A few years ago, we saw a Cartier-Bresson retrospective. I had never seen his photographs from Mexico and China and Russia in a group, and I remember being stunned by the humanity in every shot. There was nothing sensational or grabby in his work, and you never felt like either the subject or the viewer was being manipulated or exploited. They were records of moments in human lives, where the subjects were not judged or labeled or ranked. I can't express it exactly. I simply always felt with Cartier-Bresson, the humanity of each person was elevated by his own humanity, his own anonymity even though, in real life, he was far from anonymous.
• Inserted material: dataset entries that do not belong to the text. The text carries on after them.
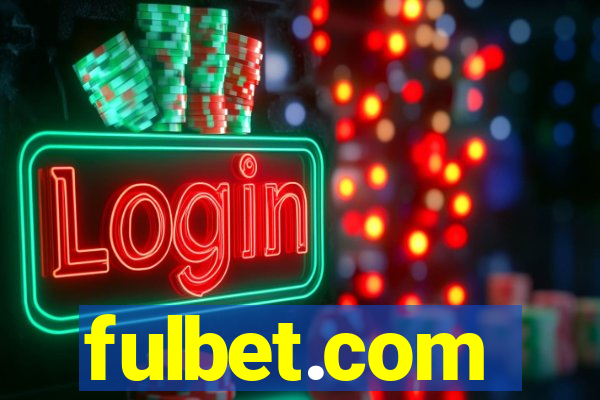 fulbet.com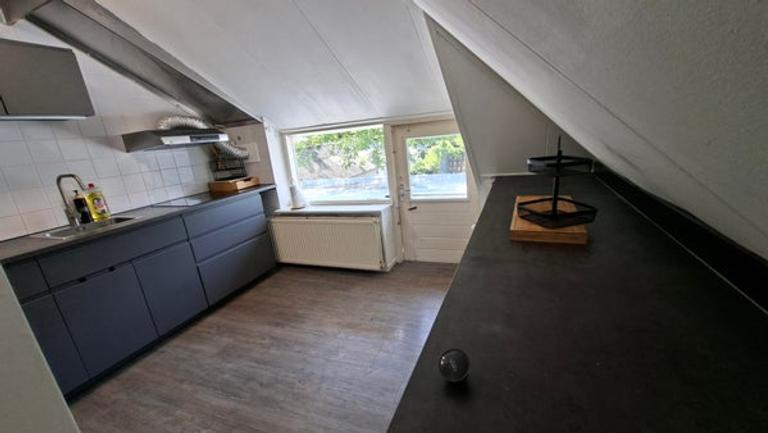 3-kamer appartement met balkon in Haaren - Afbeelding 11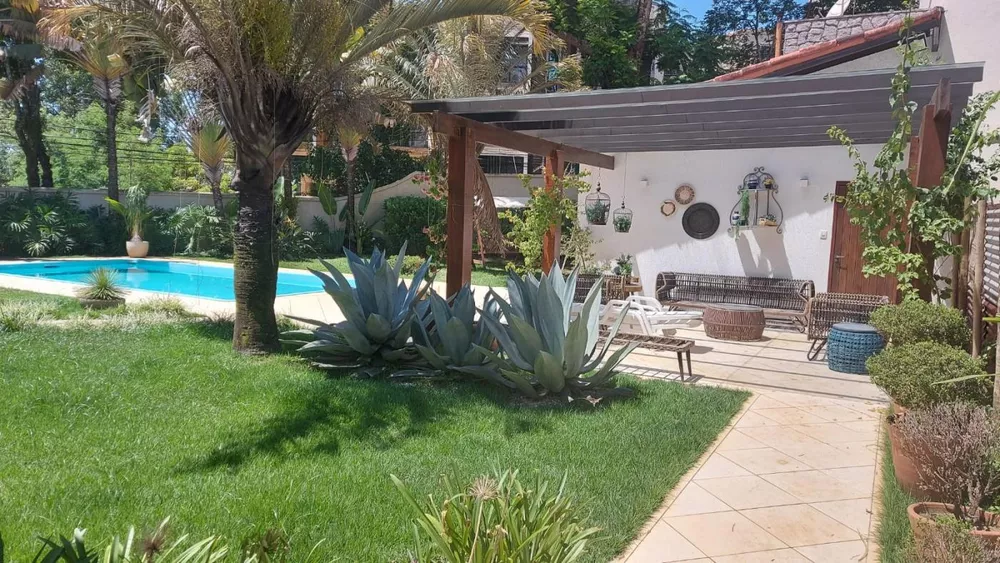 Casa, 3 quartos, 900 m² - Foto 10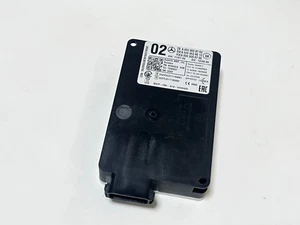 A0009058702 MERCEDES-BENZ GLC250 Blind Spot Distance Radar Sensor - Picture 1 of 19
But when he took his pictures, I am sure there was no sense of personal celebrity, rather an identification with all people and a desire to be an eye, not an ego.

10:28 AM |

Wednesday, August 04, 2004  


HENRI MATISSE, by HENRI CARTIER-BRESSON

It's necessary to interrupt this travelogue to pay tribute to Henri Cartier-Bresson, who died today at age 95. The picture above is from a short article about the photographer, with some images, at the BBC. I was surprised to see the announcement of his death this afternoon because, frankly, I thought he had died a while ago, so great was his reclusiveness.

My husband, J., who is a photographer, always admired Cartier-Bresson. For years a poster with one of his famous images hung in our house, and we have often taken down one of the books of his work and pored over it. J. likes and practices the genre known as "street photography" more than any other. I don't know if Cartier-Bresson, the renowned Magnum photo-journalist, Parisian legend, and photographer of luminaries, could be said to have "invented" street photography but he was certainly a practitioner and his work paved the way for the many fabulous street photographers who followed. He coined the phrase "the decisive moment" and his best work is an illustration of that concept - one which I think a Zen master would recognize.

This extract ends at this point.